10. Il résulte de tout ce qui précède, en l’état de l’instruction, que les conditions prévues à l’article L. 521-1 du code de justice administrative ne sont satisfaites qu’au regard des suppléments d’impôts, et des pénalités correspondantes, afférents à l’impôt sur les sociétés et à la retenue à la source, à la cotisation sur la valeur ajoutée des entreprises, à la taxe additionnelle à cette cotisation et aux frais de gestion, à raison de la réintégration des commissions versées à la société Eagle Vantage Limited au titre de l’exercice 2015. Il y a lieu dès lors de ne suspendre que dans cette mesure l’exécution des mesures de recouvrement forcé des impositions en litige, et de mettre à la charge de l’Etat la somme de 1 500 euros au titre des frais d’instance.
O R D O N N E :
Article 1er :
L’exécution de la mise en recouvrement des suppléments d’imposition à l’impôt sur les sociétés et à la retenue à la source, à la cotisation sur la valeur ajoutée des entreprises, à la taxe additionnelle à cette cotisation et aux frais de gestion, à raison de la réintégration des commissions versées à la société Eagle Vantage Limited, auxquels la SARL Faraday a été assujettie au titre de l’exercice 2015, ainsi que des pénalités correspondantes, est suspendue.
Article 2 :
L’Etat versera la somme de 1 500 euros à la SARL Faraday au titre des dispositions de l’article L. 761-1 du code de justice administrative.
Article 3 :
Les conclusions de la SARL Faraday sont rejetées pour le surplus.
Article 4 :
La présente ordonnance sera notifiée à la société à responsabilité limitée Faraday et au ministre de l’économie, des finances et de la souveraineté industrielle et numérique.

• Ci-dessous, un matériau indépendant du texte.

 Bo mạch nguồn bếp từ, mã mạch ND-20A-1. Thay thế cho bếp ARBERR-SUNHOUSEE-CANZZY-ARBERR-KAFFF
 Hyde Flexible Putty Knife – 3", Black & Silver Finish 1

Copie en sera adressée à l’administrateur des finances publiques chargé de la direction spécialisée de contrôle fiscal Île-de-France.

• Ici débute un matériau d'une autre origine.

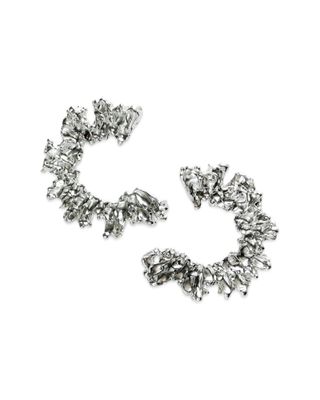Silver earrings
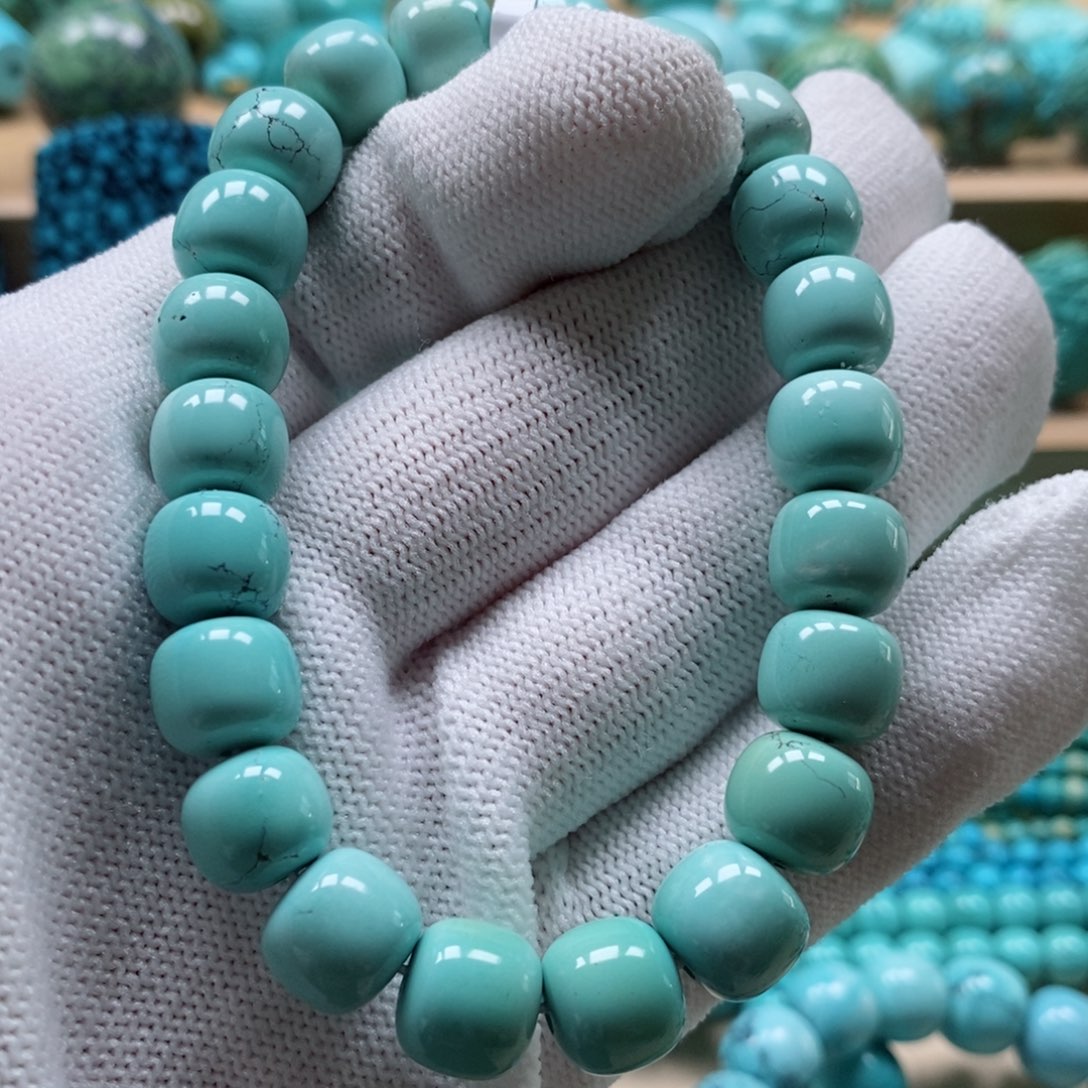 【闪购商品】绿松石珠宝奇石未镶嵌田*文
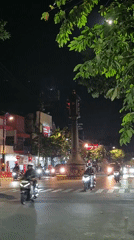 Night scenes from Madiun streets: traffic, coffee, and local life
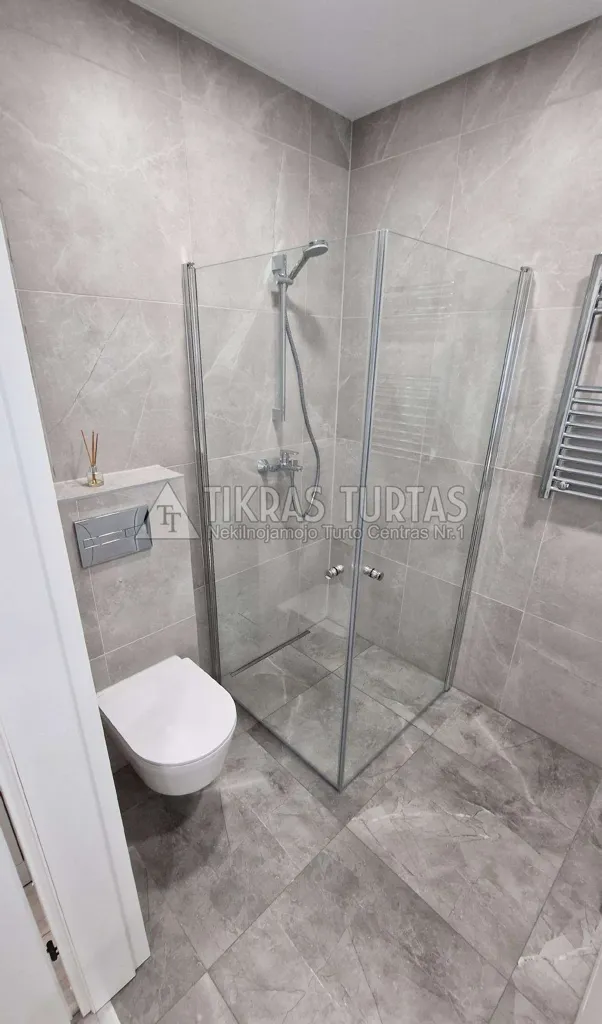 Salles de bain - 1-Bedroom Apartment with Terrace in Klaipėda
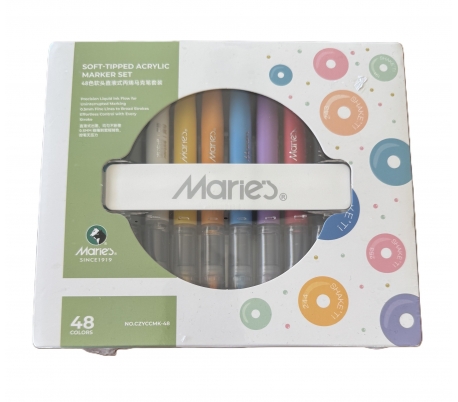 ערכה 48 טוש מכחול אקריליק MARIE'S
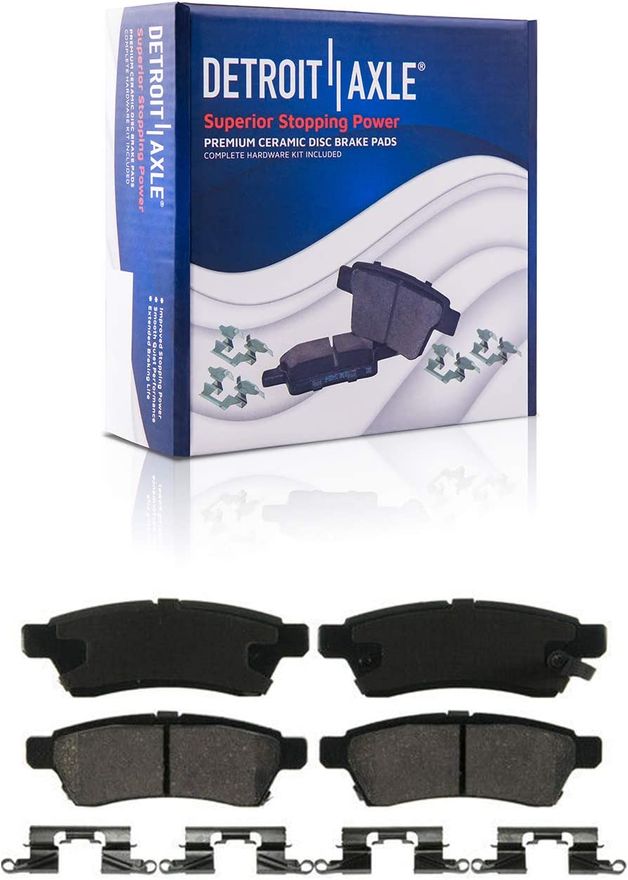 Rear Ceramic Brake Pads - P-1100 x2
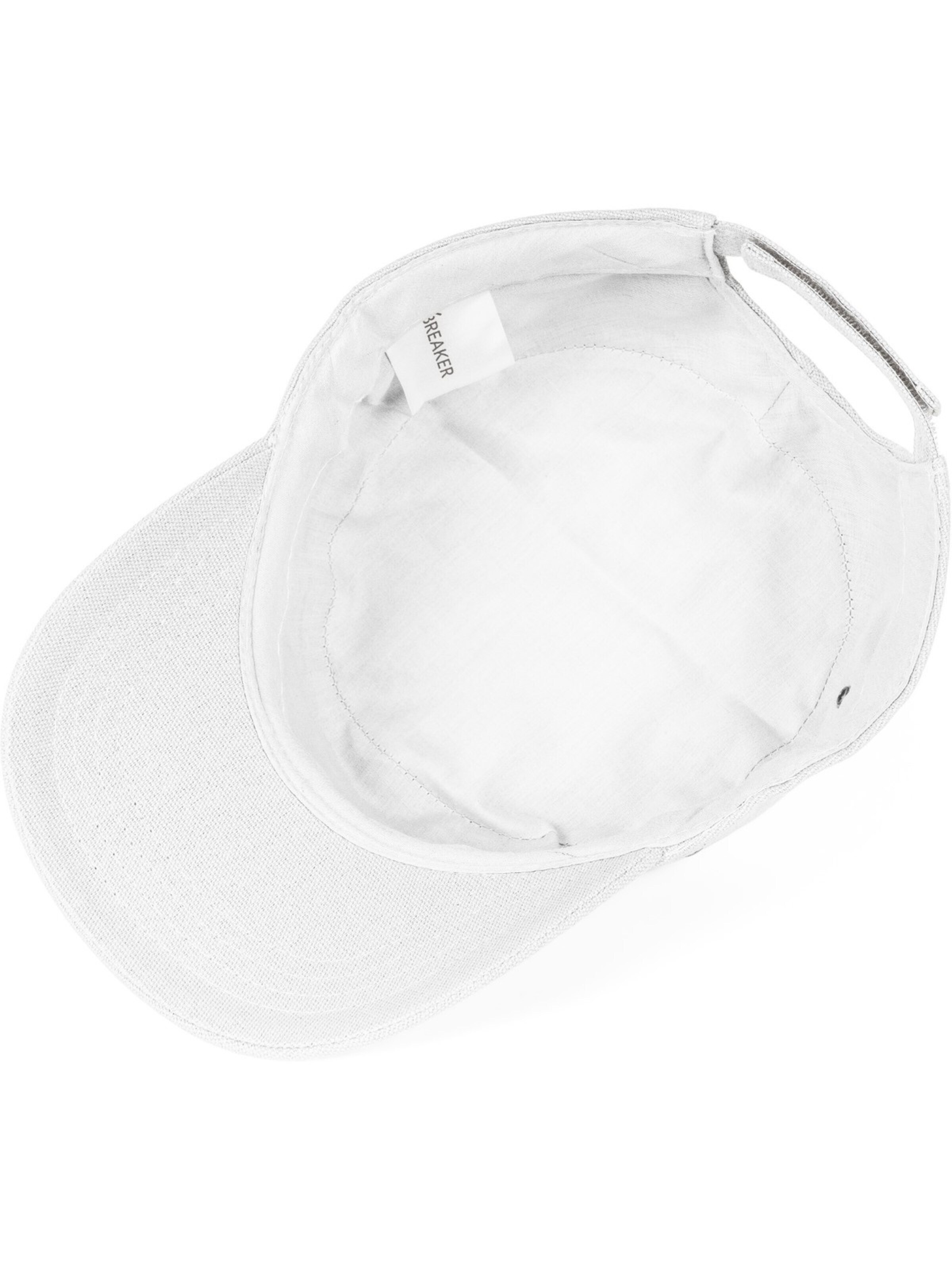 styleBREAKER Cap 'Military Cap Baumwoll Canvas' in White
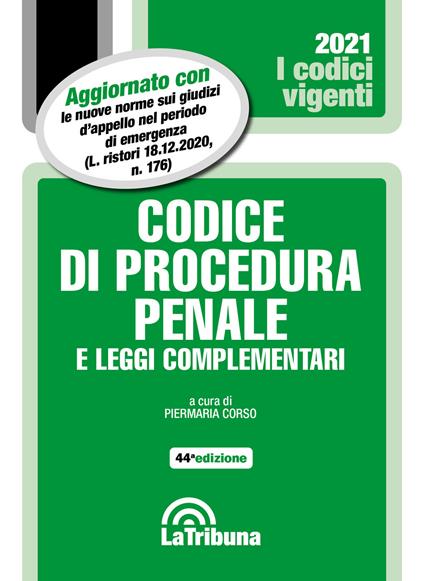 Codice di procedura penale e leggi complementari 2021 - copertina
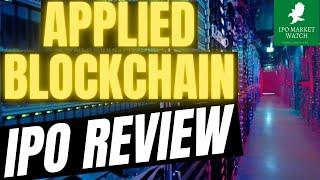 IPO Review Applied Blockchain APLD Stock Going Public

Fait à Paris, le 14 février 2025.
Le juge des référés,
S. CARRERE
La République mande et ordonne au ministre de l’économie, des finances et de la souveraineté industrielle et numérique en ce qui le concerne ou à tous commissaires de justice à ce requis en ce qui concerne les voies de droit commun contre les parties privées, de pourvoir à l’exécution de la présente décision.